Eine Missachtung der Sorgfaltspflichten aus dem Lieferkettengesetz kann für die betreffenden Unternehmen durchaus auch ernsthafte Konsequenzen haben. So ist es beispielsweise möglich, dass sie für Verstöße entlang der Lieferkette haftbar gemacht werden können, wenn sie keine Dokumentation über die Erfüllung der Sorgfaltspflichten vorweisen oder diesen nachweislich nicht nachgekommen sind.
Darüber hinaus können die zuständigen Behörden die betreffenden Unternehmen abmahnen und gemäß § 24 LksG mit einem Zwangsgeld von bis zu 50.000 Euro belegen. Auch Bußgelder von bis zu 2 Prozent des durchschnittlichen Jahresumsatzes sind möglich. Weiter Sanktionen können beispielsweise die Beschlagnahmung von Produkten, die Entziehung der Handelserlaubnis oder sogar Freiheitsstrafen beinhalten. Auch besteht die Option, dass Unternehmen über einen Zeitraum von drei Jahren von öffentlichen Ausschreibungen ausgeschlossen werden.

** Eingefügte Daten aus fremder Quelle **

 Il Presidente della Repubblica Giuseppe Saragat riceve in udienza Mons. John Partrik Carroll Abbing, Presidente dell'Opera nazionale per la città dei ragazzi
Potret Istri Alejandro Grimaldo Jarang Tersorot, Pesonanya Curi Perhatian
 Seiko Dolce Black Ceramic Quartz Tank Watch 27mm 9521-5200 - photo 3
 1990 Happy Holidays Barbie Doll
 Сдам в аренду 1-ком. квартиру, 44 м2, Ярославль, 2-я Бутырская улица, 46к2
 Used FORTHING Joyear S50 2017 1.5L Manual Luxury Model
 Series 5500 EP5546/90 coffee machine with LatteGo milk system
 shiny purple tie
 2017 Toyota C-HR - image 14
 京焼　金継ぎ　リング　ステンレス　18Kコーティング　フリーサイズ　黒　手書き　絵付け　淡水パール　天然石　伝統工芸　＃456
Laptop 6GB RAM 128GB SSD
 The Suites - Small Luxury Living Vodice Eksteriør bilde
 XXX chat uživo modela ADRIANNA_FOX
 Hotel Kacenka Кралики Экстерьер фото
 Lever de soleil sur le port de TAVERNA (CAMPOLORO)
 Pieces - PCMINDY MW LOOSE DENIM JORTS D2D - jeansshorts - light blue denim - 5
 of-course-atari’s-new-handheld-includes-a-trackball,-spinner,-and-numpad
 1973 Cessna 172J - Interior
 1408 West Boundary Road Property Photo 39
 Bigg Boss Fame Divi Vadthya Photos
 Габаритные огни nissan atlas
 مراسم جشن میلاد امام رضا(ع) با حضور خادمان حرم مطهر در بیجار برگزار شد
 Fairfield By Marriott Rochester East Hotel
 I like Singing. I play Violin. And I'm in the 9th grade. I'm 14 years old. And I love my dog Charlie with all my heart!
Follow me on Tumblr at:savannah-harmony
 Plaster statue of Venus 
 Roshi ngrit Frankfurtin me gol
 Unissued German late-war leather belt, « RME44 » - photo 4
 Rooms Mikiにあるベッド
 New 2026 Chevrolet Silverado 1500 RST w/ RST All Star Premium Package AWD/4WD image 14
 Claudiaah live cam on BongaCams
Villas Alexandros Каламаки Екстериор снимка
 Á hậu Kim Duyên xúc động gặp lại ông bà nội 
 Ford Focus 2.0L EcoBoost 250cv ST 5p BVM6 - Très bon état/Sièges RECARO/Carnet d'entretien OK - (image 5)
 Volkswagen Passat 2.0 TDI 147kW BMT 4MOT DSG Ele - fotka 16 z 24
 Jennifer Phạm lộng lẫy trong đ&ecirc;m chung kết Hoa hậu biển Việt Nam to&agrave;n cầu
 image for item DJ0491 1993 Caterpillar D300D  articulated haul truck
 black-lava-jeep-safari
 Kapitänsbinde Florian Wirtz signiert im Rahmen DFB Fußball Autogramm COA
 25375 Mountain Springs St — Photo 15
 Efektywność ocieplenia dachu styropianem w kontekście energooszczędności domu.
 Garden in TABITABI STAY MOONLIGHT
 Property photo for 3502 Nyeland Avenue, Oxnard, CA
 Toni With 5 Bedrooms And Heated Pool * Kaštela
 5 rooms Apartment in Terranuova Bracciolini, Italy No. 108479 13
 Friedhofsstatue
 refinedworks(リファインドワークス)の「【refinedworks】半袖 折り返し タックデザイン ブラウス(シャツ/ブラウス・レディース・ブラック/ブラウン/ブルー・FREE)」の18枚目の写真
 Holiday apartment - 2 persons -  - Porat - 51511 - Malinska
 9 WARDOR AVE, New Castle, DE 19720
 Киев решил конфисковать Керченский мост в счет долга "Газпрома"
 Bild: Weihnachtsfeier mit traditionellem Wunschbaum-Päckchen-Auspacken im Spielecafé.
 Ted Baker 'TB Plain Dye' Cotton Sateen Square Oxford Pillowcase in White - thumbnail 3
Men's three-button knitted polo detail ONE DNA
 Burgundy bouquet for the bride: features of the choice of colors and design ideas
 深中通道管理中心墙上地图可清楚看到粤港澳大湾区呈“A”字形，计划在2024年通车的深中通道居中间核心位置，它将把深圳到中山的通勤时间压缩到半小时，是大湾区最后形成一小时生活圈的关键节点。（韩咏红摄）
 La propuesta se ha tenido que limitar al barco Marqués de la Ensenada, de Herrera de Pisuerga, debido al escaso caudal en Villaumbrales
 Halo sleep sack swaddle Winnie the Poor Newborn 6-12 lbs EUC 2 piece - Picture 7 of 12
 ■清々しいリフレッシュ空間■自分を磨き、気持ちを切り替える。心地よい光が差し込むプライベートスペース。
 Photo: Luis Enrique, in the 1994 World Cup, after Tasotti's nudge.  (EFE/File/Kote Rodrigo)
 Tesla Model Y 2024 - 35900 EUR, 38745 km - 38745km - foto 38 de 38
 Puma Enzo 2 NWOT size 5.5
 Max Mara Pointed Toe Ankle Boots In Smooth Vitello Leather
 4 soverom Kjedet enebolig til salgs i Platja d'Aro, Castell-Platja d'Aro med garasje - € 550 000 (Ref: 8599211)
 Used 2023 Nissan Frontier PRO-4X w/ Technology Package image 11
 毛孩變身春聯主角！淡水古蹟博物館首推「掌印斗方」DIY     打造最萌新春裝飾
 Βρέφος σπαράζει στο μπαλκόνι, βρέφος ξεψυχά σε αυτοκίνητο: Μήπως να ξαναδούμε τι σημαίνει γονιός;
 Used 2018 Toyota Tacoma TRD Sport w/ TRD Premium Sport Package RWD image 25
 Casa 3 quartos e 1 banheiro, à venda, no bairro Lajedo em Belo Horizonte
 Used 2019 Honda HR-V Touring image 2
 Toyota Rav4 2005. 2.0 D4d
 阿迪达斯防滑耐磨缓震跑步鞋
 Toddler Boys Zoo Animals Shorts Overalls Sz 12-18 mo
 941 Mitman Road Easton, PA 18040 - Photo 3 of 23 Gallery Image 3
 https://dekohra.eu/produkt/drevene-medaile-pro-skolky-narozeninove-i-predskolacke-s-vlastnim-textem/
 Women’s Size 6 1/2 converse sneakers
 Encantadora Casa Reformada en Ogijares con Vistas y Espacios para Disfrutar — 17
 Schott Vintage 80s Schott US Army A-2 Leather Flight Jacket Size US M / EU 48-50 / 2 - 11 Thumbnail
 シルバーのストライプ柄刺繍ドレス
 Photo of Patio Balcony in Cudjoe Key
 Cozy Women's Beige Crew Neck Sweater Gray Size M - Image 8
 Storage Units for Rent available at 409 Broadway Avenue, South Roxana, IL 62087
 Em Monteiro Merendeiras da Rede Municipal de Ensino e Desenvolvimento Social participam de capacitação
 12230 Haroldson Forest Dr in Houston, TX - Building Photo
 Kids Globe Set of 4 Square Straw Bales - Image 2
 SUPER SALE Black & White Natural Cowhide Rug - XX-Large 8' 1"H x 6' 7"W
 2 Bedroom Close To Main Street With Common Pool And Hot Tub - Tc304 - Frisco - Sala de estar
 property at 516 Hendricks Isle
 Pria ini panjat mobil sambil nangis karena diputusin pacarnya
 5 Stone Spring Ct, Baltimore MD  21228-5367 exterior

Im Zusammenhang mit einer Abmahnung (auch durch Konkurrenten) spielt das Gesetz gegen den unlauteren Wettbewerb (UWG) eine wichtige Rolle. Denn die Verletzung der Sorgfaltspflichten kann einen Rechtsbruch nach § 3 UWG darstellen und entsprechende Konsequenzen zur Folge haben. So kann eine Unterlassungsaufforderung unter anderem dazu führen, dass Unternehmen ihre Produkte und Dienstleistungen nicht mehr anbieten dürfen. Welche Rechtsfolgen genau zu erwarten sind, ist erst mit dem Inkrafttreten des Gesetzes bewertbar.
Auf diese Unsicherheit bezieht sich auch Kritik am Lieferkettengesetz, denn Vorwürfe können nur durch die Dokumentation der erfüllten Pflichten abgewehrt werden. Meist handelt es sich dabei jedoch um interne Vorgänge im Unternehmen. Durch Verfahren könnten Konkurrenten Zugriff auf diese Informationen erhalten.